As the internet keeps growing at an exponential rate, it is also imploding in on itself at an even faster one. Companies go out of business, their servers closed and with them websites, important history and part of the internet, dies.
We have all seen them. The horrible walls. The end of the internet. A hole. A page which says “404“.
That beautiful image of your family your took on your trip to Gran Canaria last year and uploaded to that file sharing website, can be gone in an instance. Poof.
How can we prevent such important parts of our life’s and history from disappearing in front of our eyes? By archiving these websites and creating mirror-websites. Websites such as The Wayback Machine run by the non-profit organization the Internet Archive is just one example how we can make copies of the internet. However, we need to do this at a much higher rate.

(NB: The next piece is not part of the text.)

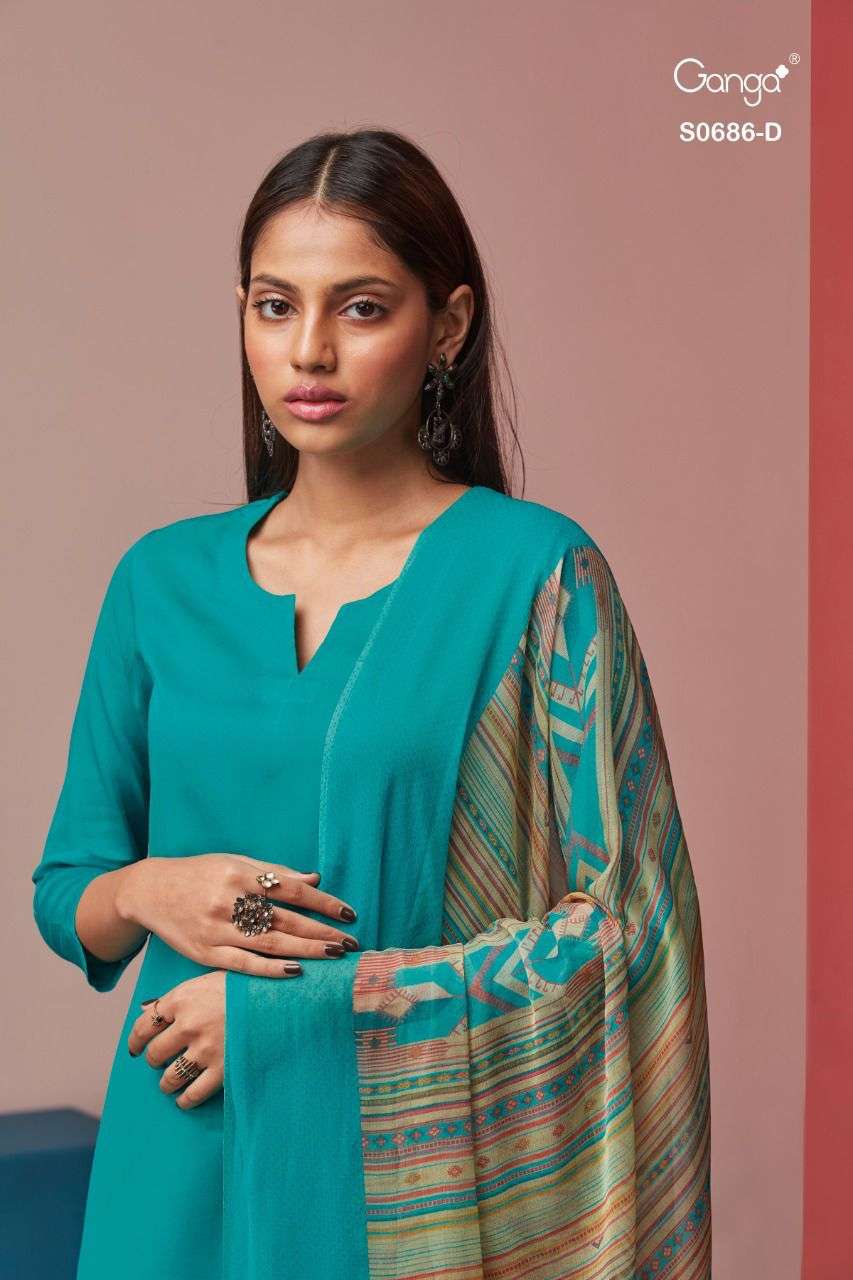 Ganga Shelvi 686 Printed Premium Cotton Satin Dress Material at Wholesale Rate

Websites close down at such a high rate, and are archived at such an infrequent rate that it is impossible to archive all websites as it is today, without missing a whole bunch which just…disappeared.
Please donate to organizations such as the Internet Archive to help their work to archive the web of information. For everyone.

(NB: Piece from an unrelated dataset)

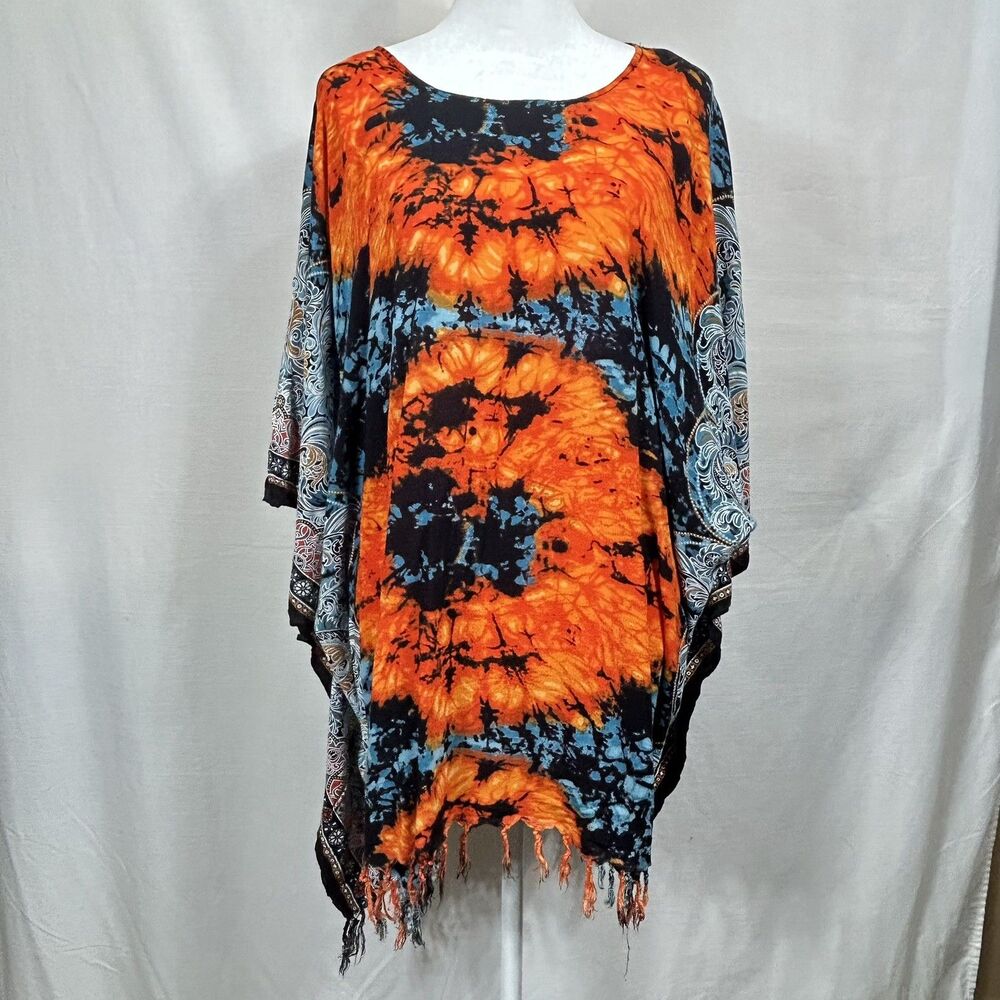 Tie Dye Rayon Poncho Boho Beach Cover-Up Oversized Top Blue Orange Fringe Cruise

The website FindArticles.com was a great website which was functional until late 2012. It archived journal articles, newspapers and books of all sorts. At this pont in time Wikipedia has over 20 000 links to FindArticles.com, most of the as sources and references. The only downsides is that the website is dead. Most times when a link dies they are archived on other websites such as arhvie.org (the Wayback machine), and this website was, until September 2012. At that time the websites robot.txt was changed, and all archived copies on websites which follows web etiquette was deleted. The website isn’t marked as 404 either, which makes it hard for tools to mark the links as dead too.

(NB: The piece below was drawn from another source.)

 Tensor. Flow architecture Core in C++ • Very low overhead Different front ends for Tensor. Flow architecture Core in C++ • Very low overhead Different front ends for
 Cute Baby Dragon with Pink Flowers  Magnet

Most of the links from Wikipedia to FindArticles are for journal articles, which most likely has doi’s or pmid’s, but not mentioned in the articles. Thes casues some problems. Either remove all links to FindArticles.com with any though of the consequences, or look at each article one-by-one and try to find another copy of the journal online or identification numbers and then remove the links.
Normally you could run the bot Citation bot on incompleat citation and have it fill out and find information which is not already in the reference, however the bot is currently blocked due to Wikimedia’s decition to change to https without real consideration of how it would break all tools currently in place for day-to-day operatons.